On the elevator ride down to the lobby, Ash wondered whether she was violating house guest etiquette by greeting a guest who’d come expecting to see Wes. She was potentially placing herself in a position where she’d have to explain to a stranger that Wes was on an indefinite leave from Miami to deal with his grief. But between Aurora and Ixtab, Ash had only ever met two of Wes’s friends—one now dead, the other missing. The curiosity of meeting someone else who was a part of his life triumphed over her better judgment.
As it turned out, however, the visitor was there for Ash.
The elevator chimed in tranquil monotone, and Ash stepped cautiously out into the lobby. Getting ambushed every day for the past week had made her jumpy. Even greeting guests in the busy lobby felt like she was walking into some sort of death trap. So it was a pleasant surprise when she heard the familiar voice call her name from the row of floral-cushioned armchairs by the faux fireplace.
“Ashline?” Raja said. The Egyptian girl stood up slowly, as though her knees were arthritic.

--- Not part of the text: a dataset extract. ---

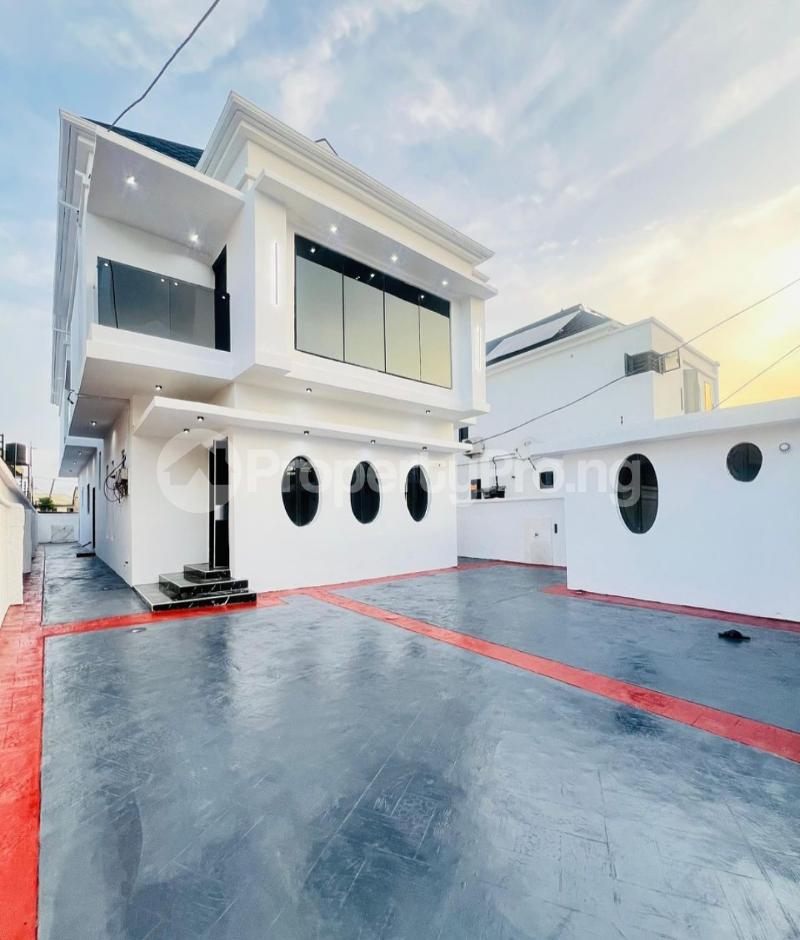 5 bedroom House for sale Adeniyi Jones Ikeja Lagos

It took all of Ash’s restraint not to tackle Raja in happiness when she crossed the lobby to hug her. Ash kept her back hunched when she wrapped her arms around her, just in case there was any chance of crushing th
e baby she knew was growing inside Raja. The two of them had never been best friends at Blackwood—or friends at all until that fateful first week of May. But after all they’d been through . . .
They both had tears in their eyes when they finally pulled away to look at each other. Raja had cut her hair so that her bangs came almost down to her eyebrows, but that couldn’t hide the thick, dark bags beneath her eyes. Her olive skin was mottled with red. Her face looked rounder, and her curves more accentuated than Ash remembered. It was hard to believe this transformation had happened in only the short span since Ash had last seen her.
Ash laughed between sobs and wiped the corners of her eyes. “I don’t know what to say,” she said. “It’s just . . . really nice to see a friendly face.”
Raja squeezed Ash’s arm. “You don’t know the half of it.”
Ash shook her head. “But how did you know which condo I was staying in, or who to ask for, or . . . ?” Ash had to reflect back on the last week just to double-check that she’d never contacted Raja. “Wait, or what city I was even in?”
“What do you mean?” Raja pulled out her smart phone and held up the screen—a virtual notepad was open with an address and Wes’s name written on it. “I know I wasn’t the most fastidious student at Blackwood, but I’m smart enough to take notes when I hear something important.”
Ash felt that fog of joy, the one she’d been swimming in since she’d first seen Raja, fade into a dark mist. “I meant, who told you where to find me?”
“Is . . . this a trick question?” Raja cocked her head to the side. “Ash, you did.”
Ash swallowed. The Four Seasons had located Ade with Colt’s help—so who was to say they hadn’t tried to reel in Raja by using some sick trick as well? “I don’t know what to tell you, Raja. Whoever it was on the phone wasn’t me. But I promise you’re in no danger if it was who I think it was—”
“No,” Raja interrupted her. “It wasn’t a phone call. It was a video chat on the computer. I saw you.”